В марте 1600 года новый король Филипп III по сложившейся традиции посетил старую столицу Толедо. Это громкое событие увенчалось торжественным сожжением еретиков на площади Содоновер. Доменико Эль Греко вызвали портретировать кардинала - распорядителя грозного торжества. Главный инквизитор дон Фернандо Ниньо де Гевара был хрупким человеком небольшого роста, но ясновидение художника создало образ, исполненный неподдельного величия. Пышние складки муара и кружев искусно декорируют щуплую фигурку, так что Гевара на портрете Эль Греко выглядит памятником самому себе. Думается, покровительство этого всесильного человека и спасало Эль Греко от костра.
Однако не спасло от разорения. Художник очень много зарабатывал, но еще больше тратил. С началом нового, XVII, века утихают знаменитые Эльгрековские пиры. Замолкают его оркестры. Ветшает великолепный дворец. Художник со всеми своими сокровищами - сыном, музеем, библиотекой - уединяется в задних комнатах, возле кухни, где теплее. Во всем огромном замке остались восемь старых стульев, два канделябра и жаровня, у которой старик согревает свои больные ноги. Только руки его все еще сохраняют былое умение, чуткость и хватку.

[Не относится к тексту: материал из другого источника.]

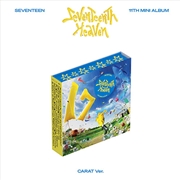 Buy Seventeenth Heaven - Carat Ver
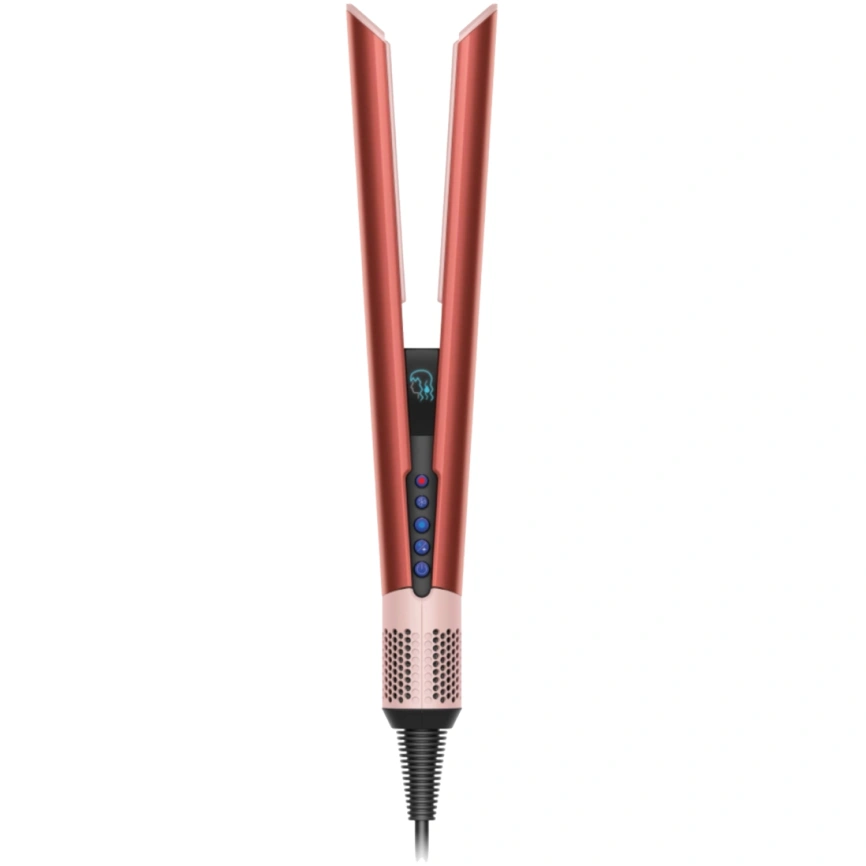 Выпрямитель Dyson Airstrait HT01 Strawberry Bronze /Blush Pink фото 2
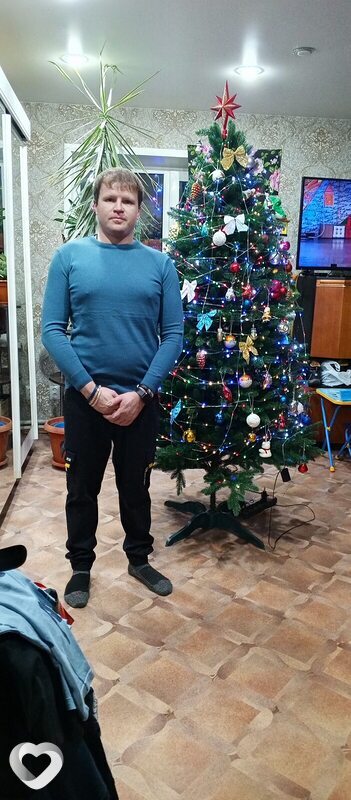 Валерий, 38, Новосибирске — анкета №1277007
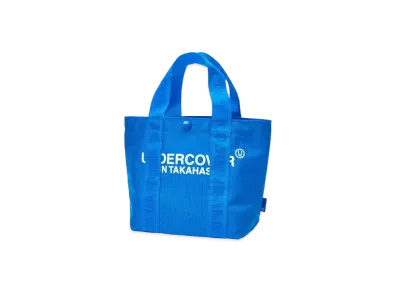 UNDERCOVER Tote Bag "Blue"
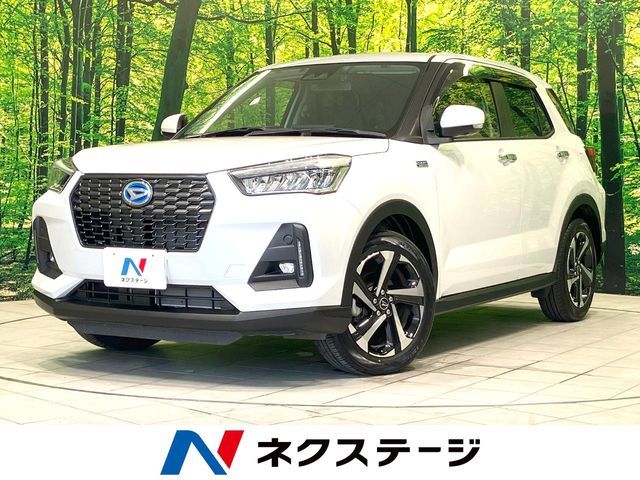 DAIHATSU / ROCKY e-SMART HYBRID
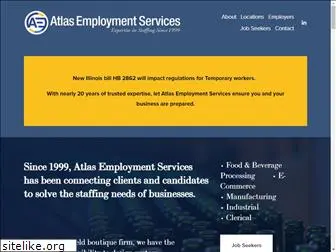 atlasemployment.com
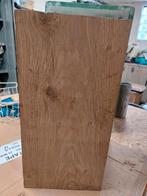 Bloc de chêne, Enlèvement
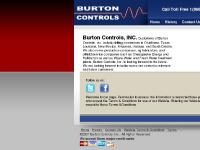 Burton Controls | Burton Controls, Inc. Burton Controls | Burton Controls, Inc.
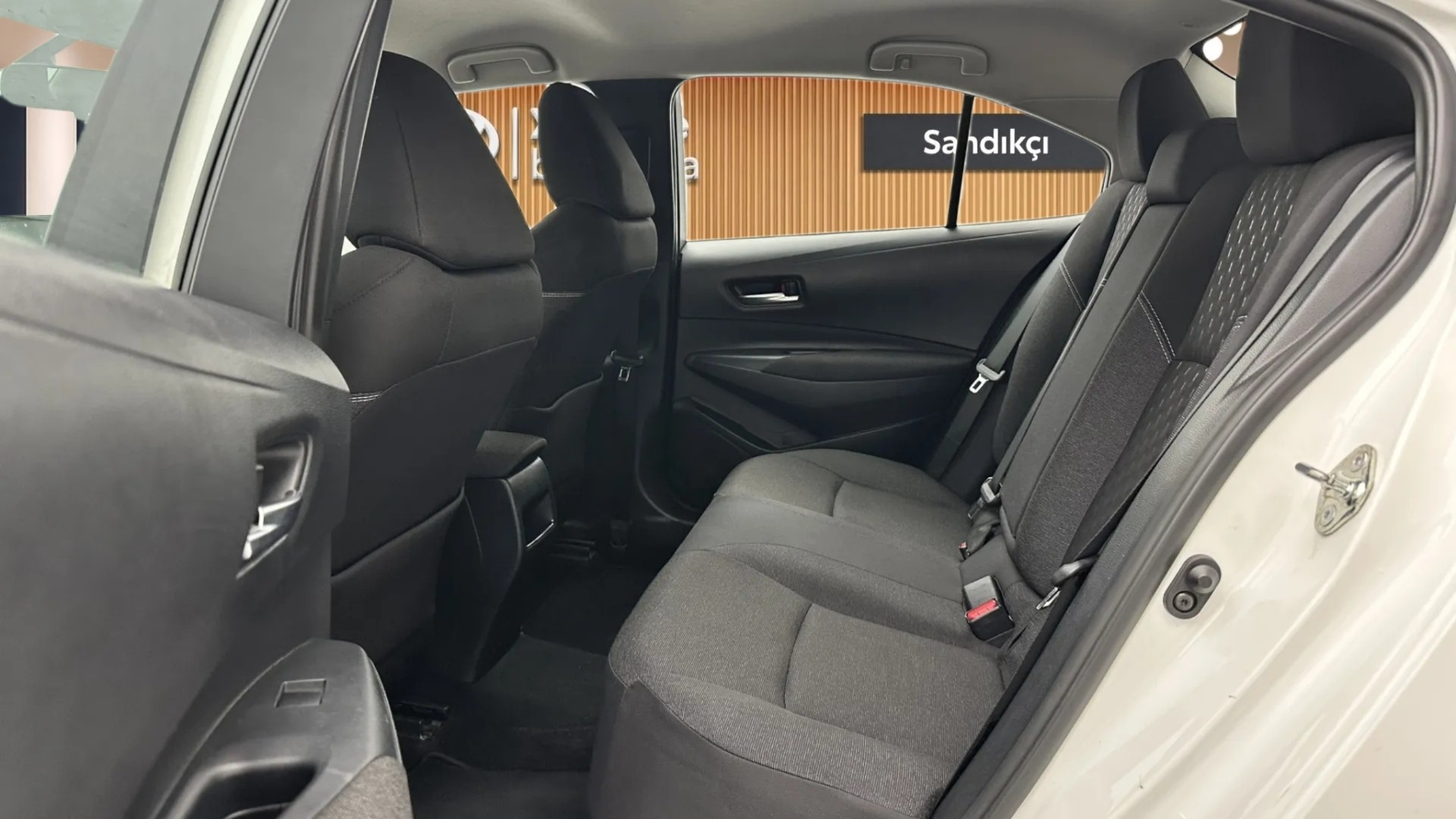 2024 TOYOTA COROLLA 1.5 VISION MULTIDRIVE S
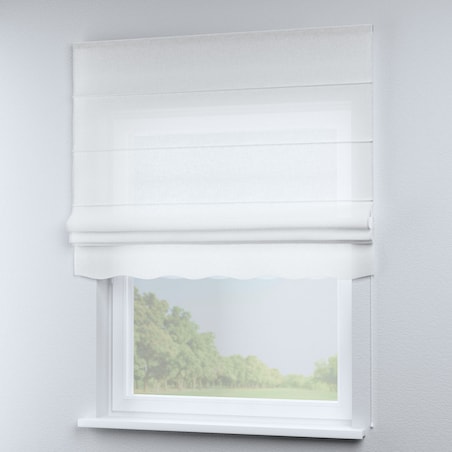 Roleta rzymska Florencja 100x170 prześwitująca ecru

Ему было уже семьдесят, когда он сдержал данное в молодости, в Сикстинской капелле, слово - написал-таки собственный "Страшный суд". До нас дошли лишь фрагменты этого чуда. Но как лев узнается по единственному отпечатку когтей, так по едва сохранившимся вспышкам Эльгрековской молнии можно угадать всю вселенскую грозу вдохновлявших его покаяния и восторга. Вместо телесной мощи атлетов Микеланджело Эль Греко создал бесплотное межзвездное пространство, в котором огненным фонтаном взрывается гигантская фигура евангелиста Иоанна: "Осанна!"

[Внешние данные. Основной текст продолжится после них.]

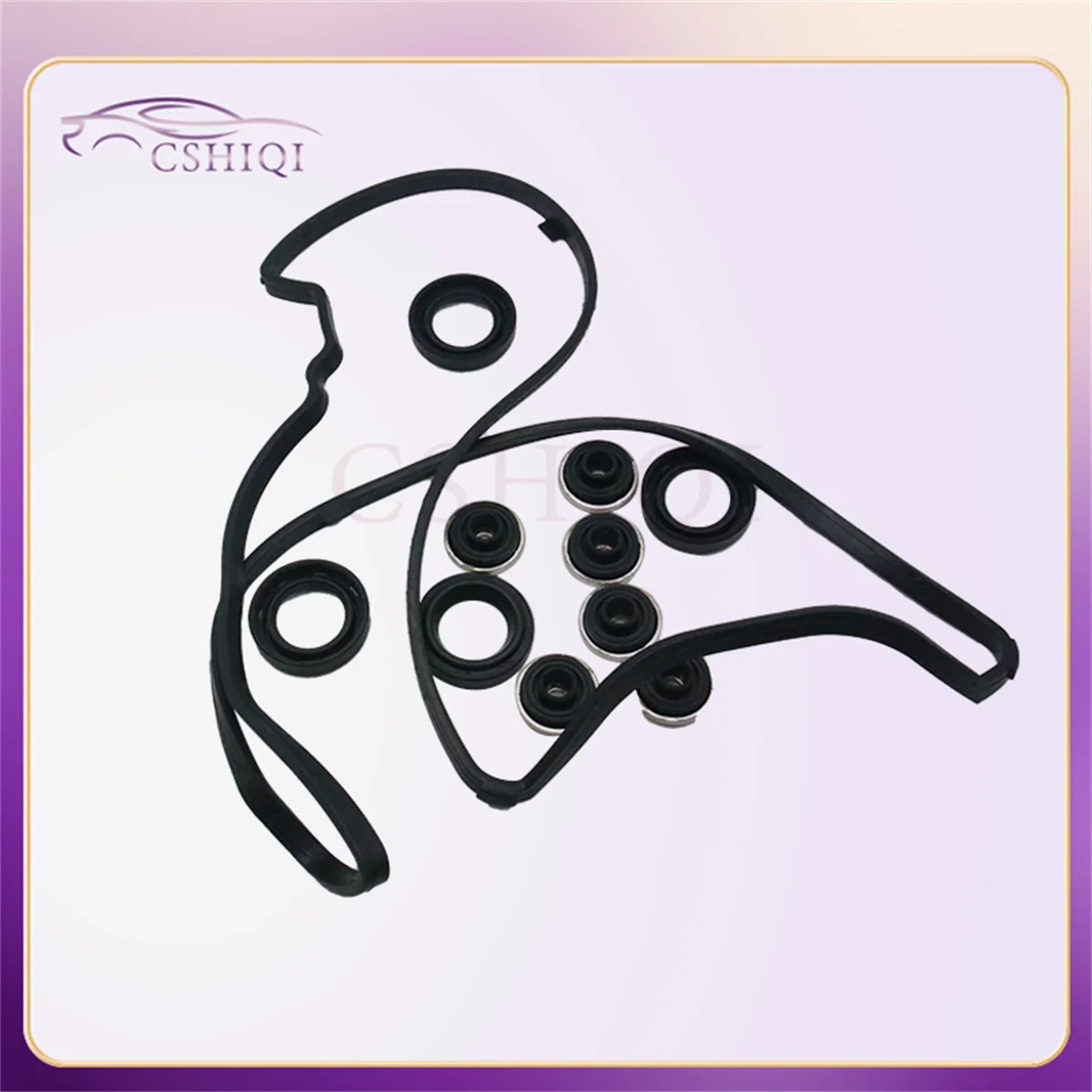 12030-PNC-000 12030PNC000 Ventildeckeldichtungssatz für Acura Honda RSX TSX Accord Civic CR-V CRV Element K20 K24 2.0 2.4L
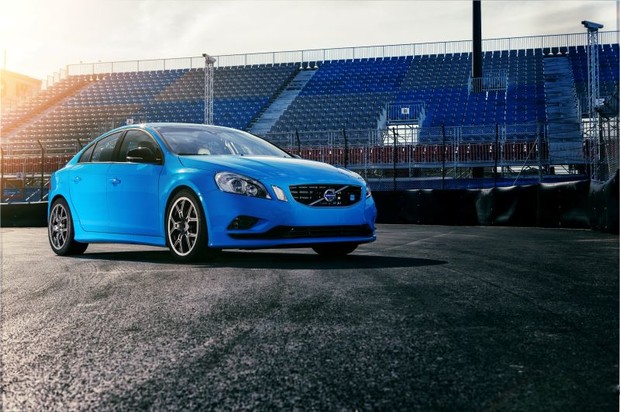 Beštija S60 Polestar Concept Beštija S60 Polestar Concept
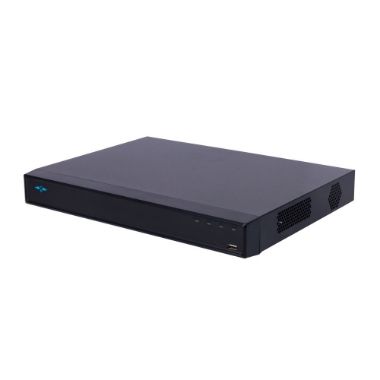 XS-NVR6216A-4K-4AI, X, Sigurnosni NVR za IP kamere, Maksimalna rezolucija 12 megapiksela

Вот он, достойный ответ великому Микеланджело.
Великий грешник, мистик и творец умер 17 апреля 1614 года на рабочем месте с кистью в руке, не дописав руки святого старца Иосифа, протянутой в "Обручении" к юной и трепетной Марии, как к неведомому грядущему. Не имея в своем искусстве предшественников, Эль Греко не оставил после себя и достойных учеников. А потому, особенный в своем одиночестве, был единодушно осужден коллегами и светом за "предерзостное и безумное" нарушение всех и всяческих житейских и творческих правил. Спустя 60 лет великий Диего Веласкес попытался исправить историческую несправедливость, настояв перед королем Филиппом IV на возвращение сосланных на задворки картин Эль Греко в лучшие залы Эскориала. Но даже авторитету Веласкеса не удалось поколебать туман забвения, все более окружавший наследие Мастера.
И вдруг... Взрыв небывалой популярности, словно нежданная вспышка очистительной толедской грозы. То, что казалось безумным современникам художника, ХХ век воспринял как откровение и пророчество. Каждый новатор отыскивал в творениях Эль Греко свое: Сезанн боготворил его, без конца копируя "Даму в мехах", которую считал лучшим женским портретом всех времен и народов; Пикассо не уставал восторгаться головокружительной смелостью его форм; немецкие экспрессионисты отмечали непочатую глубину содержания; и те, и другие, и третьи признавали за Эль Греко обновление палитры...
Великий художник вернулся из забвения. Чтобы уже никогда не уходить.